▶ YOUR ASSIGNMENT: Skip every picture, then write out exactly the lines of the listing below from the line that contains "Lung Cancer Awareness" through the final line.

▶ DATA IN THIS EXERCISE:
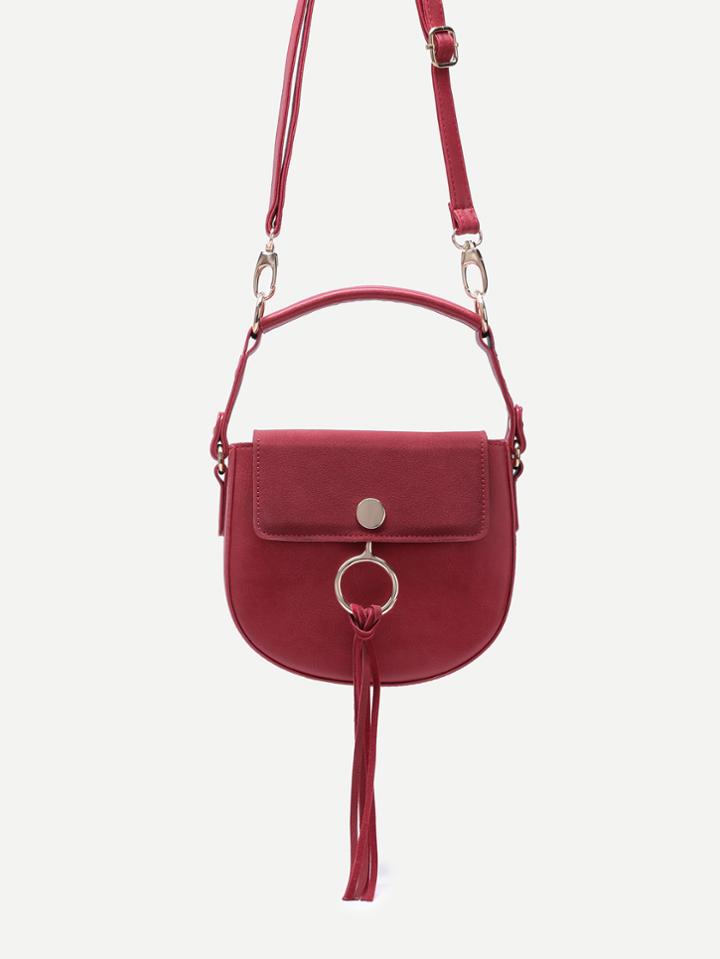 Romwe Red Tassel Trim Faux Leather Saddle Bag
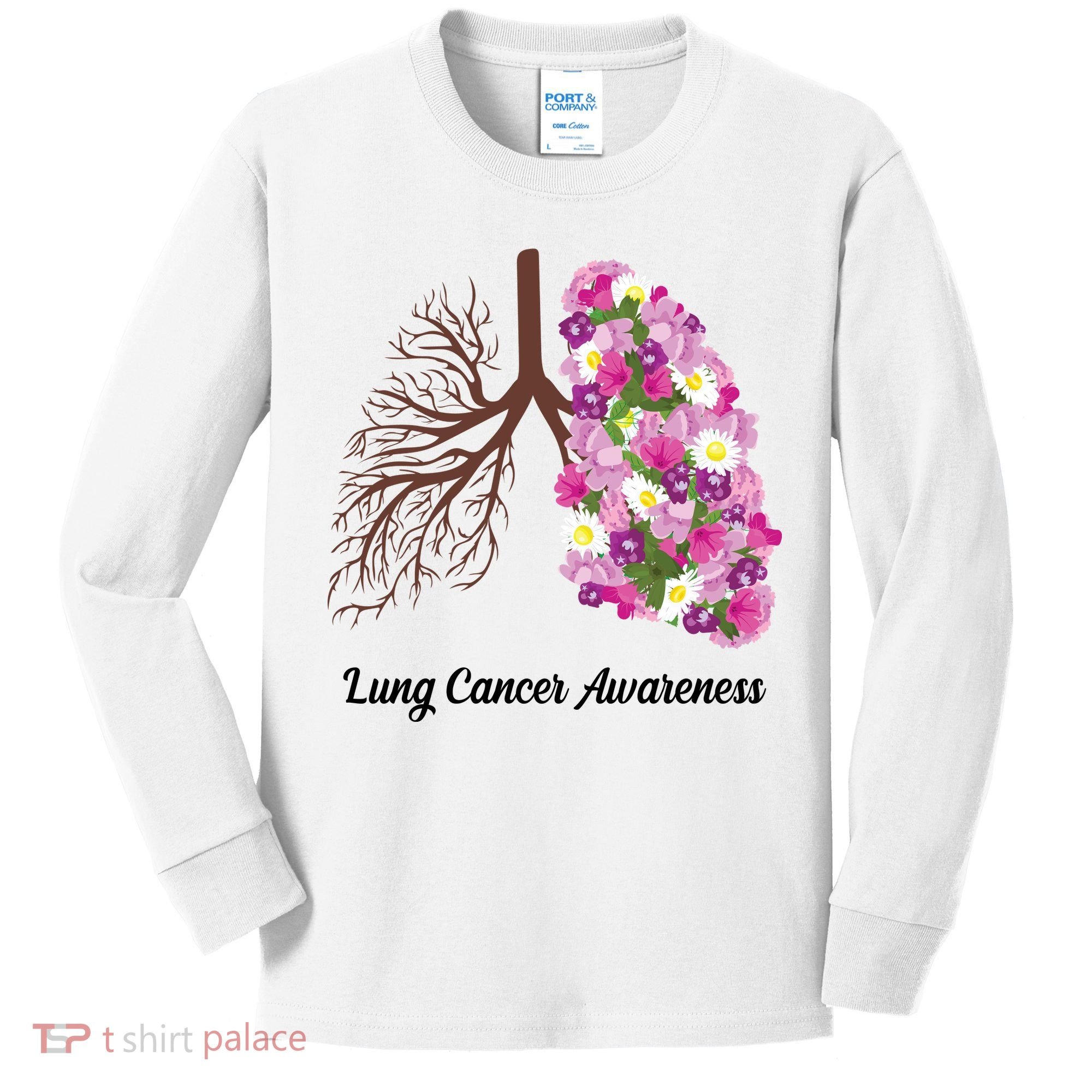 Lung Cancer Awareness Floral Kids Long Sleeve Shirt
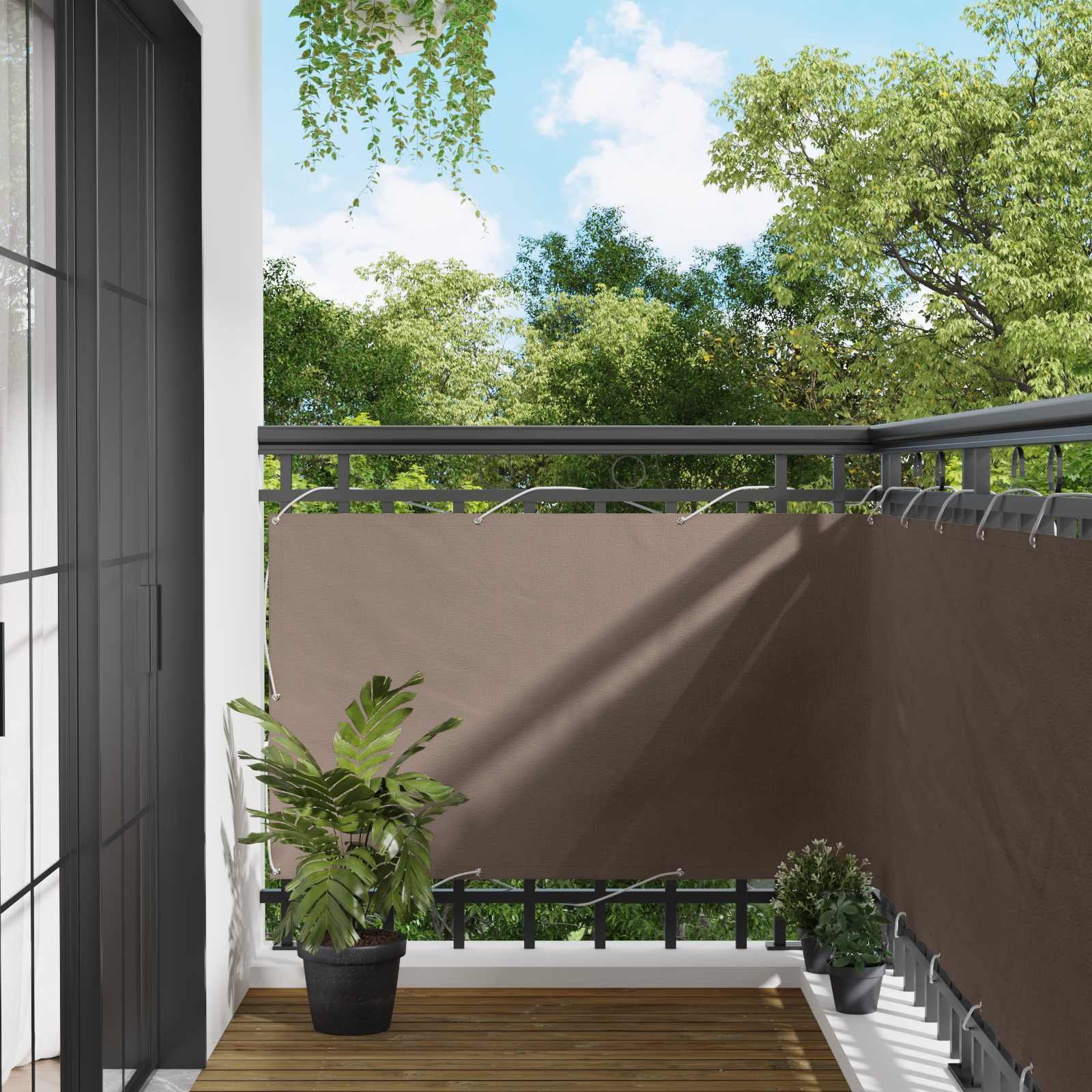 Οθόνη Μπαλκονιού Taupe 100 x 600 cm Ύφασμα Όξφορντ - Pakobazaar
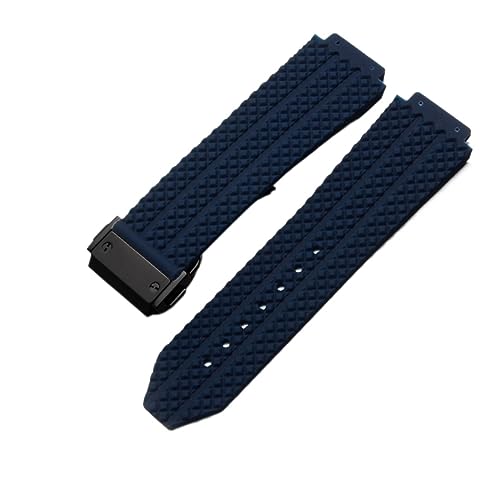 Uhrenband Compatible With Hublot Big Bang. Silikon 24mm 26mm wasserdichte Männer Watch Strap Kette Uhr Zubehör Gummi Uhr Armbandkette (Color : Blue-Black Clasp, Size : 26mm) von BeiFH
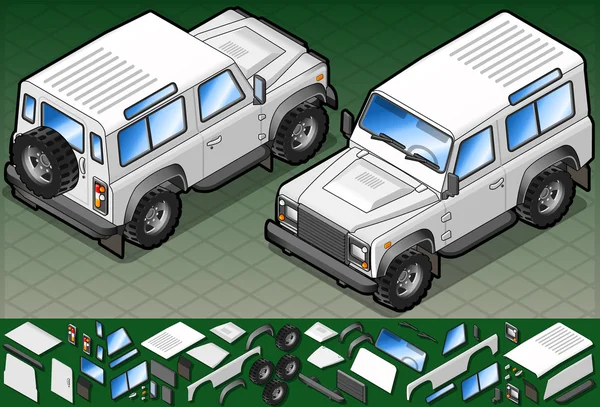 Isometrisk vit jeep i två lägen — Stock vektor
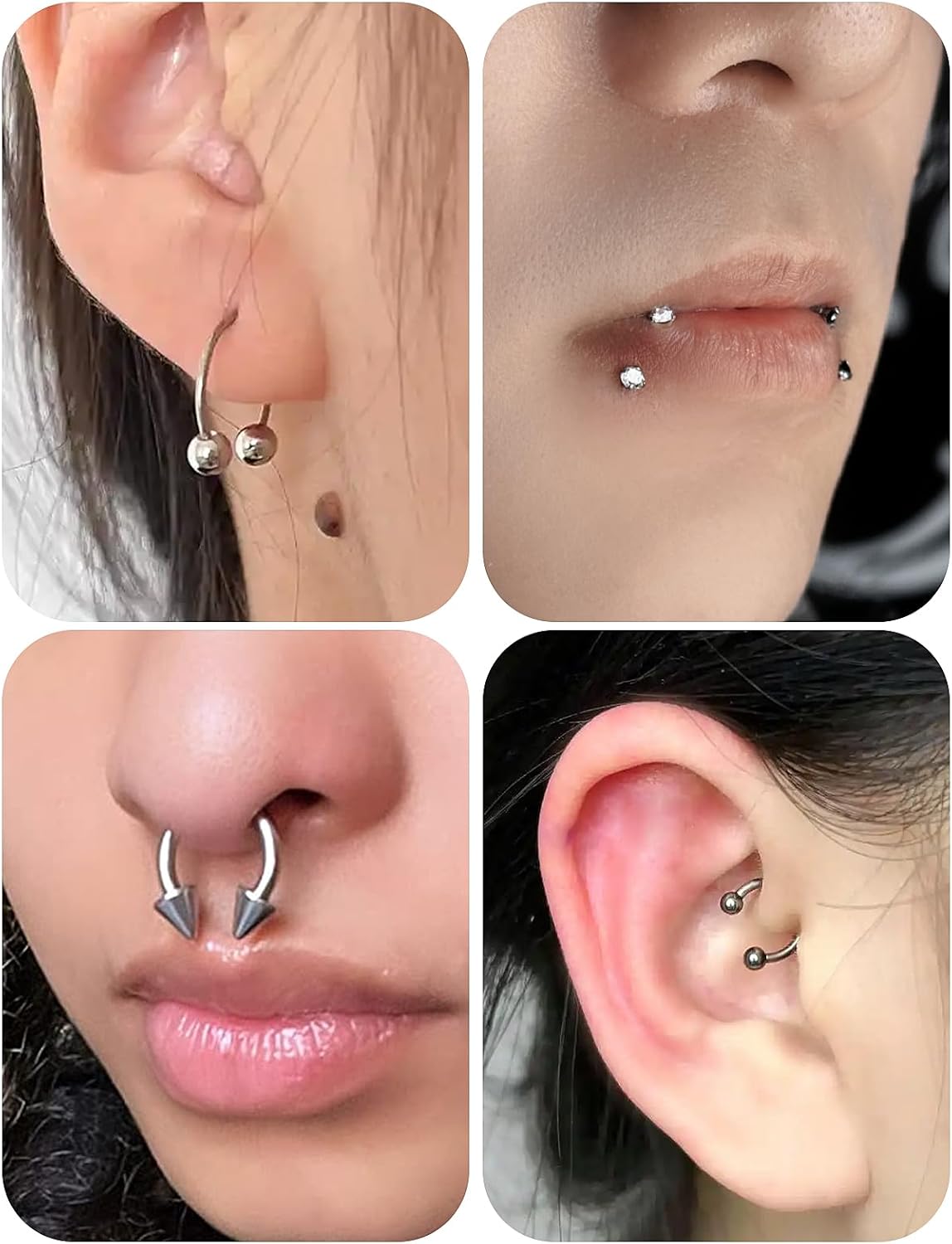 Cisyozi 16G Septum Rings Internally Threaded 316L Surgical Steel Septum Jewelry Lip Rings Hoop Labret Jewelry Snake Bite Piercing Jewelry Horseshoe Earrings Daith Piercing Jewelry for Women Men - Image 4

▶ THE COMPLETED TASK:
 Lung Cancer Awareness Floral Kids Long Sleeve Shirt
 Οθόνη Μπαλκονιού Taupe 100 x 600 cm Ύφασμα Όξφορντ - Pakobazaar
 Uhrenband Compatible With Hublot Big Bang. Silikon 24mm 26mm wasserdichte Männer Watch Strap Kette Uhr Zubehör Gummi Uhr Armbandkette (Color : Blue-Black Clasp, Size : 26mm) von BeiFH
 Isometrisk vit jeep i två lägen — Stock vektor
 Cisyozi 16G Septum Rings Internally Threaded 316L Surgical Steel Septum Jewelry Lip Rings Hoop Labret Jewelry Snake Bite Piercing Jewelry Horseshoe Earrings Daith Piercing Jewelry for Women Men - Image 4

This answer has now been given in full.